**Data excerpts:**
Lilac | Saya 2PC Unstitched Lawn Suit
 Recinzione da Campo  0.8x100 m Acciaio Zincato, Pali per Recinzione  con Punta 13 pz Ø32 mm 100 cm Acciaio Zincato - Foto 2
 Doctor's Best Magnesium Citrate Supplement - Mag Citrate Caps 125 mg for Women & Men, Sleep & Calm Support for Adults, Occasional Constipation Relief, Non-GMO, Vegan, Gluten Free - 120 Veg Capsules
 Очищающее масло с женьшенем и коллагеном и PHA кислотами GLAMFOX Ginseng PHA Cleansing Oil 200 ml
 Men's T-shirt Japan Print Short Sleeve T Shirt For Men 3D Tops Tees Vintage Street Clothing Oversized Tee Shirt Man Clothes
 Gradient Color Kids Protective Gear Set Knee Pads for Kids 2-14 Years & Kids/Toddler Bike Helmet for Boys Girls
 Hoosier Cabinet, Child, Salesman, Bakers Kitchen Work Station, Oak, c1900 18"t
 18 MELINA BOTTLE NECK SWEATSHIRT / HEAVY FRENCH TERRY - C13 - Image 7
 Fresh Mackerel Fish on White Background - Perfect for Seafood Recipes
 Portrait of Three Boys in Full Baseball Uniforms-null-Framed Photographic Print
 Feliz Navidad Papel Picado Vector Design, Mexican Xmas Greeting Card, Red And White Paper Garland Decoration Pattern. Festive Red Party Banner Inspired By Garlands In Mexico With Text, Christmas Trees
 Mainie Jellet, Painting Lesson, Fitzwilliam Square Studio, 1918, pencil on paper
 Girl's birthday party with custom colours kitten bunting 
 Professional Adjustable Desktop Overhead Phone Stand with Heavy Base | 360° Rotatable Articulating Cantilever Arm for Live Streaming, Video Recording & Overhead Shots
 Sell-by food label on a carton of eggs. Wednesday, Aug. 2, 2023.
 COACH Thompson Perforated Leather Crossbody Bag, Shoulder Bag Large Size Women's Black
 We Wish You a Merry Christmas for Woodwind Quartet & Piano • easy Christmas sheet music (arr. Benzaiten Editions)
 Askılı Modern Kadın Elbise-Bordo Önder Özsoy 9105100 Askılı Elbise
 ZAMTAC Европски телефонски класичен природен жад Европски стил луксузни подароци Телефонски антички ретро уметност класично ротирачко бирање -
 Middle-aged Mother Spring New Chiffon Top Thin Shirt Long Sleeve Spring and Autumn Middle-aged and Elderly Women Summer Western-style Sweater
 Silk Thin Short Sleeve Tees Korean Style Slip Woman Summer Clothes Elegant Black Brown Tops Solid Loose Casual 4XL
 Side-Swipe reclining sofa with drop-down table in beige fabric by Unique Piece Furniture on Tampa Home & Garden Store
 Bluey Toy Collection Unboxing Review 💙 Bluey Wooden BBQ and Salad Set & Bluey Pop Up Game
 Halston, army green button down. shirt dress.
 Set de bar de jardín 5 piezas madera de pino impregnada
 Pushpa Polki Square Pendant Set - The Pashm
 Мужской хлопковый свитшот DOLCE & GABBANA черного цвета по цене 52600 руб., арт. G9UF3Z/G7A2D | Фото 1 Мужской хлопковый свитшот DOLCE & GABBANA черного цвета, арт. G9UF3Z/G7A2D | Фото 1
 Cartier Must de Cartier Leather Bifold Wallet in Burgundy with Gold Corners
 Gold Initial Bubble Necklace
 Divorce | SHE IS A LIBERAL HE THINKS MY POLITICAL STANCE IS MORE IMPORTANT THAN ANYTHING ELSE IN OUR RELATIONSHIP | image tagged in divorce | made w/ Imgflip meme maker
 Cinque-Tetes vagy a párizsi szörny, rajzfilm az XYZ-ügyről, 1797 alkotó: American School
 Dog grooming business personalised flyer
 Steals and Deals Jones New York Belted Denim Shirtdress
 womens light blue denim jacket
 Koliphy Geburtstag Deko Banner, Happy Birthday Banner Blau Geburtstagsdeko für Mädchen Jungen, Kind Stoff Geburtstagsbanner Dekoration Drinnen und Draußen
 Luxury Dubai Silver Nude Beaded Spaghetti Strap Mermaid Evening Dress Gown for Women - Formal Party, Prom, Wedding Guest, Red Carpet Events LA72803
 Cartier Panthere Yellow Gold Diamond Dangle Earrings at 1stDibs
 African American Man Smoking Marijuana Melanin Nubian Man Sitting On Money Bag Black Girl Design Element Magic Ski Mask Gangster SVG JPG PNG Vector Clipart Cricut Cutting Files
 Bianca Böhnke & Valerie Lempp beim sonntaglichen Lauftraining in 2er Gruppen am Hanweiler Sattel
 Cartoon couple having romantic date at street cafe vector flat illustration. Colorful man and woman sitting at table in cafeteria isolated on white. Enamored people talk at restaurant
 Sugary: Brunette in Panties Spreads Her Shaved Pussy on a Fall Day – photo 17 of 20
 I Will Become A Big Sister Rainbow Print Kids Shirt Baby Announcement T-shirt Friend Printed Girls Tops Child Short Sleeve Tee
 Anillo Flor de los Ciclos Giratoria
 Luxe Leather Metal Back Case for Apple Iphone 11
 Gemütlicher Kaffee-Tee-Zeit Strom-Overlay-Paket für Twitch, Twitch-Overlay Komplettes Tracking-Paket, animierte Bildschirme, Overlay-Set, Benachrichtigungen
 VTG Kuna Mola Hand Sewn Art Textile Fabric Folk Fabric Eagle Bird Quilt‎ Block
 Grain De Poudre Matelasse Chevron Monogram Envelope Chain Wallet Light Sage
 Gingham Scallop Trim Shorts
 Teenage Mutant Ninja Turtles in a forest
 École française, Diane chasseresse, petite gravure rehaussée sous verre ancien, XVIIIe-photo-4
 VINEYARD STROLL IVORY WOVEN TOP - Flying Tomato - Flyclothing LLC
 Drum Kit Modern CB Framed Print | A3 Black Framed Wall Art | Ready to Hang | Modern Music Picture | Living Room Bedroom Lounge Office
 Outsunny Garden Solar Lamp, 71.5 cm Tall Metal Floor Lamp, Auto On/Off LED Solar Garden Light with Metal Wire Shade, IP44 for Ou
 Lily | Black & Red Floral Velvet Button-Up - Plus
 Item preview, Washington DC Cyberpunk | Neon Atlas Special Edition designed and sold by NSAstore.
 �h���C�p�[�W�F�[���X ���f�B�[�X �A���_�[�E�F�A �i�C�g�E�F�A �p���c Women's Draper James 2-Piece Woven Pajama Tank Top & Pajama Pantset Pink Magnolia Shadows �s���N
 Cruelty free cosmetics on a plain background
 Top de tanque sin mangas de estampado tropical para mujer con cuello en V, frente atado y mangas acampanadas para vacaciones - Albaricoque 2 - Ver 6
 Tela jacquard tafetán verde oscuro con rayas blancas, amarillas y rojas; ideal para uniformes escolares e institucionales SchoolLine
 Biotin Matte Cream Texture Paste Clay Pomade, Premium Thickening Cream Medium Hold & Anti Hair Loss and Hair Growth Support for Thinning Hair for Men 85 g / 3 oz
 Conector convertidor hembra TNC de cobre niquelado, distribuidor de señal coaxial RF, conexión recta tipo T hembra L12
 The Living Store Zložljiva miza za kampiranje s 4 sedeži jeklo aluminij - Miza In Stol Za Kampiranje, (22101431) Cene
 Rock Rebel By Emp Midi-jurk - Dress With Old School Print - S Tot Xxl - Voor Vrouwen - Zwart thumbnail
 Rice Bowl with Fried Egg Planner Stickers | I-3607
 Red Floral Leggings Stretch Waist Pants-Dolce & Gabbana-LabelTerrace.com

**Your objective:**
Out of the entries above, write out only the lines between the line holding "Gingham Scallop Trim Shorts" and the line holding "Drum Kit Modern", inclusive, each exactly as given.

**Response to the exercise:**
 Gingham Scallop Trim Shorts
 Teenage Mutant Ninja Turtles in a forest
 École française, Diane chasseresse, petite gravure rehaussée sous verre ancien, XVIIIe-photo-4
 VINEYARD STROLL IVORY WOVEN TOP - Flying Tomato - Flyclothing LLC
 Drum Kit Modern CB Framed Print | A3 Black Framed Wall Art | Ready to Hang | Modern Music Picture | Living Room Bedroom Lounge Office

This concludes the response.